Fidelity Investments is becoming aggressive in the low-cost battle against index fund giant Vanguard.
Fidelity has lowered the fees on its Fidelity Freedom Index Funds to just 16 basis points, or $16 a year for every $10,000 invested, from 19 basis points. It's not a big cut in real dollars, but it does make the Freedom Index Fund lineup slightly cheaper than The Vanguard Group Inc.'s target date funds, which charge 18 basis points.
The Freedom Index Funds, like the Vanguard target date offerings, use index funds as their underlying holdings. That allows the target date funds to charge lower fees than ones that rely on actively managed mutual funds as their underlying funds. The Fidelity Freedom Funds, for example, use actively managed funds and charge 69 basis points.
“They're taking the fight to Vanguard on its turf,” said Jeff Tjornehoj, a senior research analyst at Lipper Inc., adding that it behooves Fidelity to start competing with Vanguard on the low-cost front now.

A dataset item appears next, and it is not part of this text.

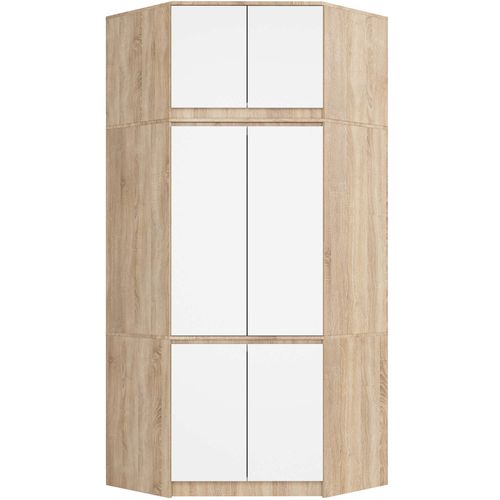Surmeuble Pour Armoire S100 Chêne Sonoma 100 Cm 2 Portes Façade Blanche 3 Étagères 100x50x55 Cm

“They need to establish a presence with advisers, who are particularly sensitive to providing low-cost solutions to clients,” Mr. Tjornehoj said.

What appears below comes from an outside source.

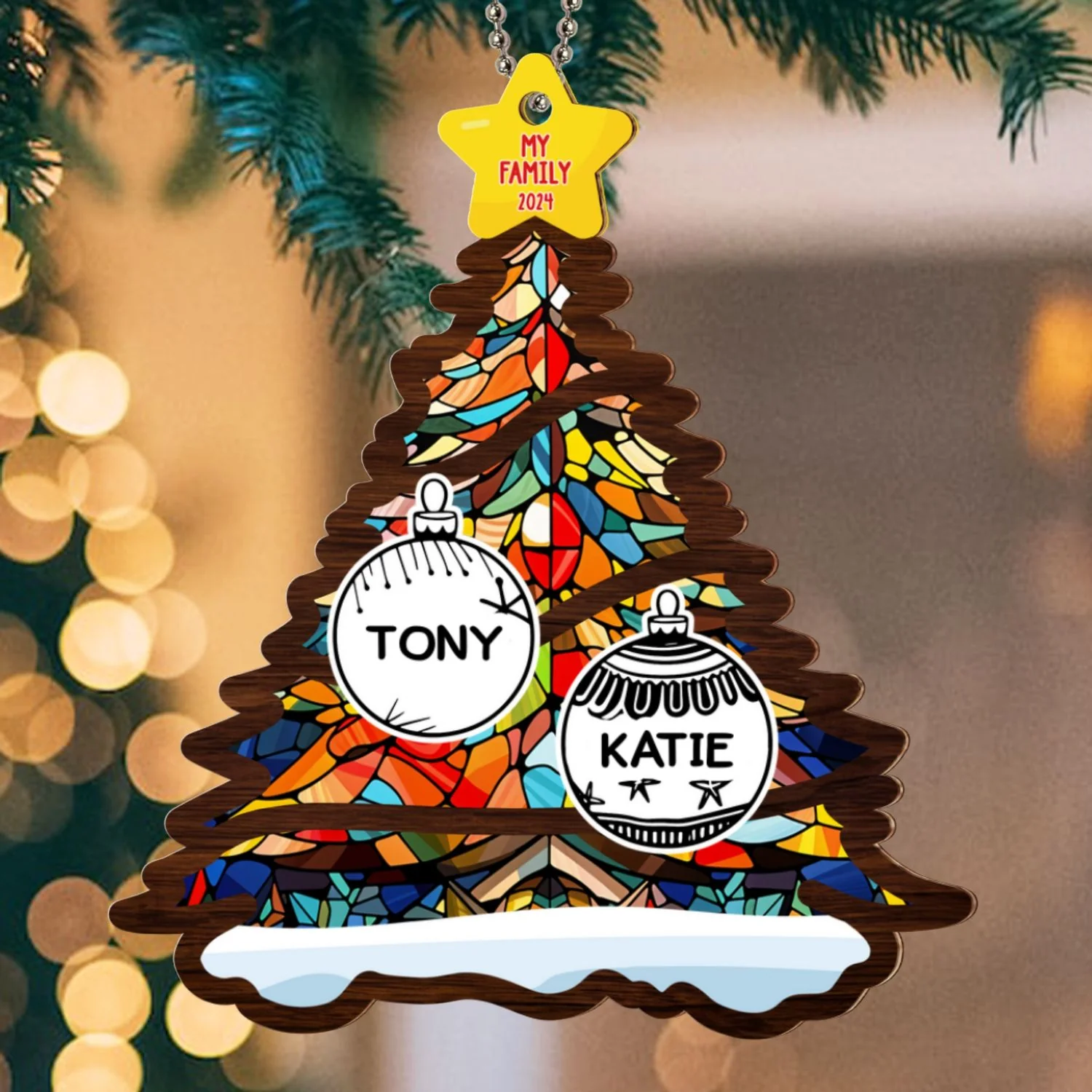 Our Beloved Family - Personalized Custom Suncatcher Ornament - Image 6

Vanguard has closed the gap between it and Fidelity, the largest provider of target date funds, over the last five years.
Vanguard's target date funds have grown to $148 billion as of the end of October, up 393% from 2008, according to Lipper. Fidelity's target date funds, including both the Freedom Funds and Freedom Index Funds, have grown to $175 billion, up 160%, over the same time period.
Nicole Goodnow, a spokeswoman for Fidelity, did not return calls seeking comment.